# Supplied material
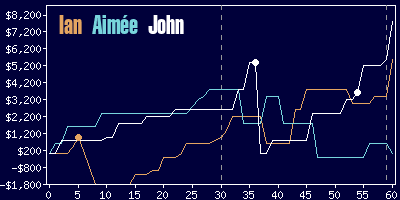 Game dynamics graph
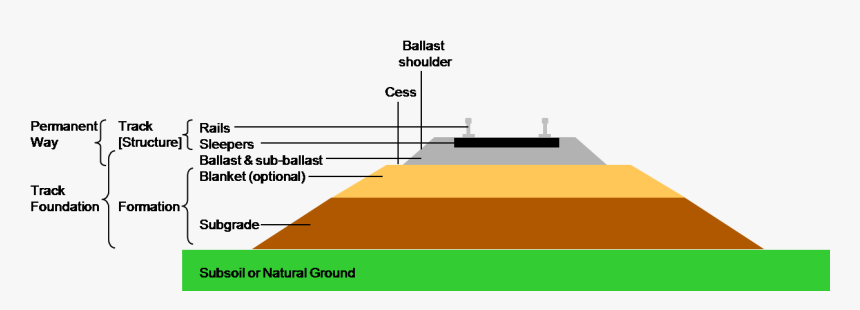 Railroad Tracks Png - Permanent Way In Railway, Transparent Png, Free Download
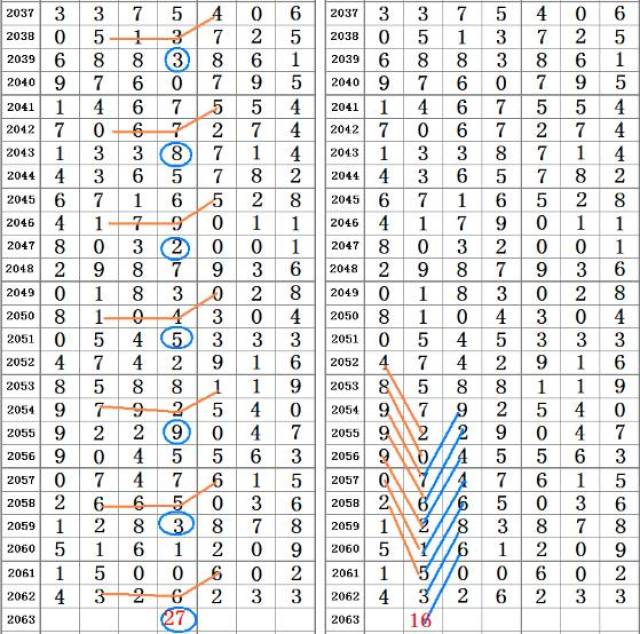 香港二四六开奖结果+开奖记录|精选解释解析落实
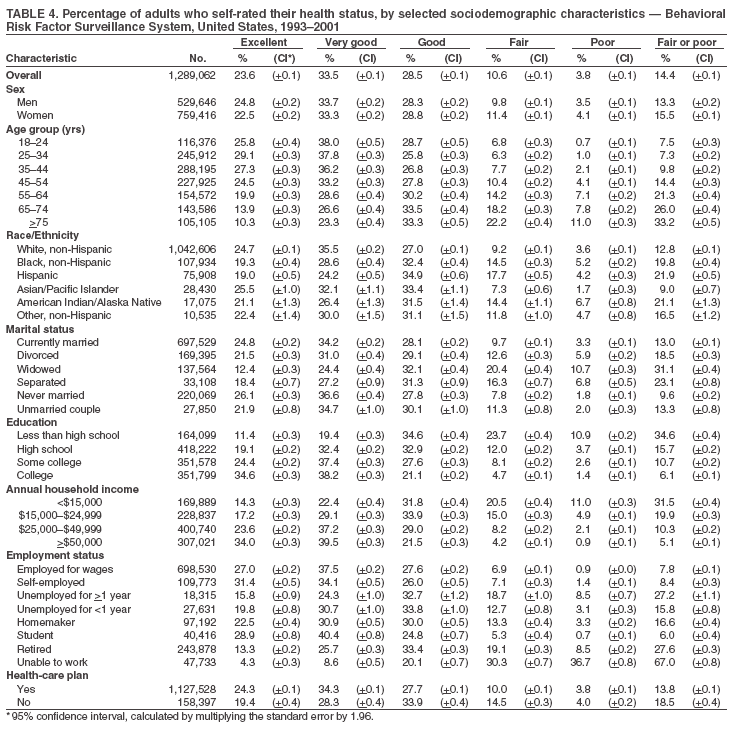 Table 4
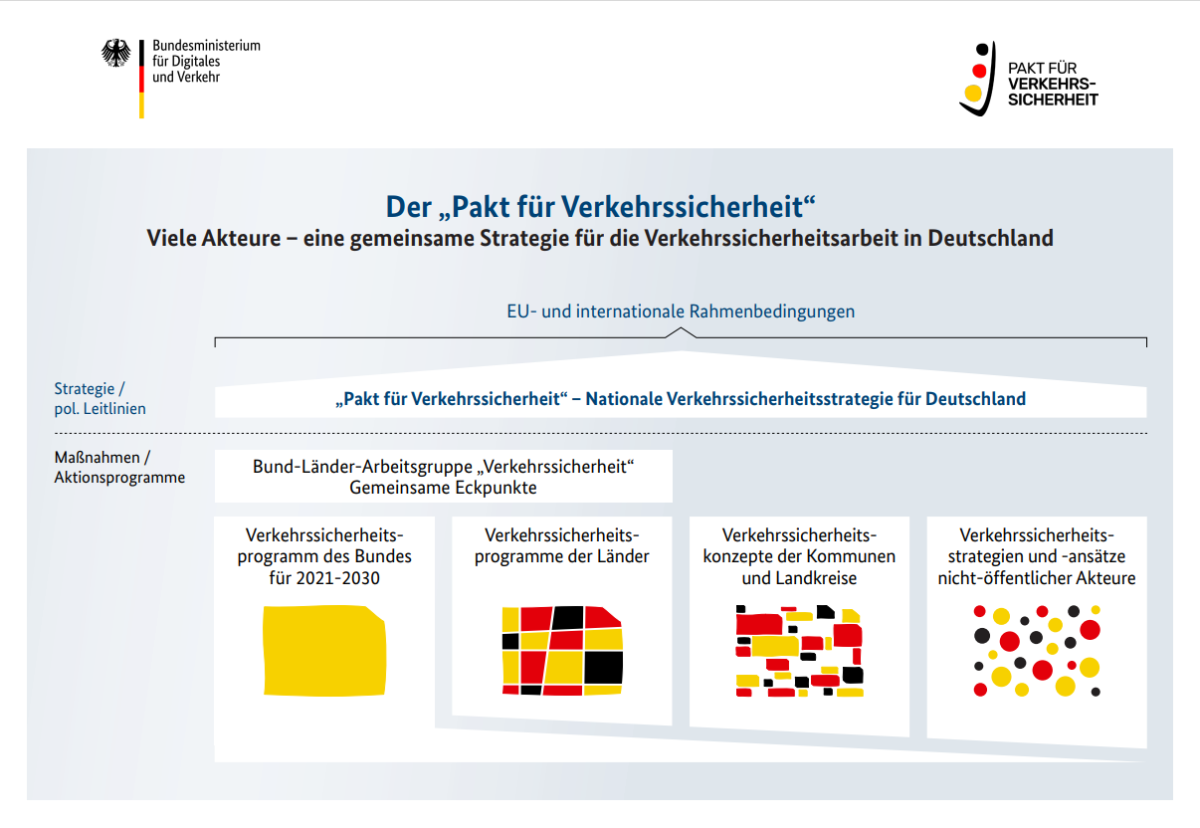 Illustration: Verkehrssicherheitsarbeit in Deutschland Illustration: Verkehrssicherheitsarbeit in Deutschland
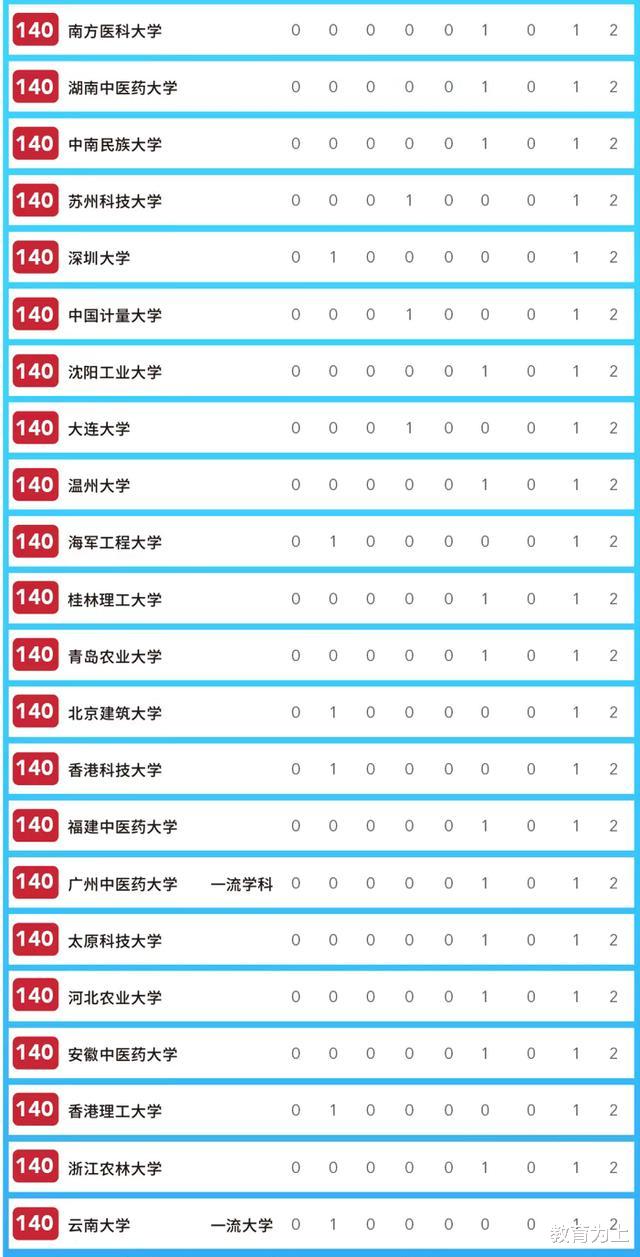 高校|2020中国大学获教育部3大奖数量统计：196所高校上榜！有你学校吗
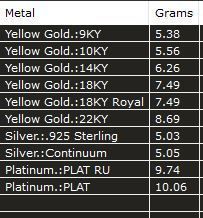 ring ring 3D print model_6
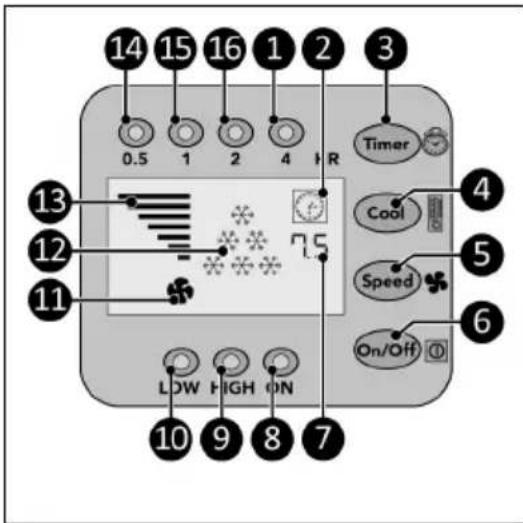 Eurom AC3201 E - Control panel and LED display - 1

# The task
Output all of the entries once more, word for word, with the images removed.

# Task output
 Game dynamics graph
 Railroad Tracks Png - Permanent Way In Railway, Transparent Png, Free Download
 香港二四六开奖结果+开奖记录|精选解释解析落实
 Table 4
 Illustration: Verkehrssicherheitsarbeit in Deutschland Illustration: Verkehrssicherheitsarbeit in Deutschland
 高校|2020中国大学获教育部3大奖数量统计：196所高校上榜！有你学校吗
 ring ring 3D print model_6
 Eurom AC3201 E - Control panel and LED display - 1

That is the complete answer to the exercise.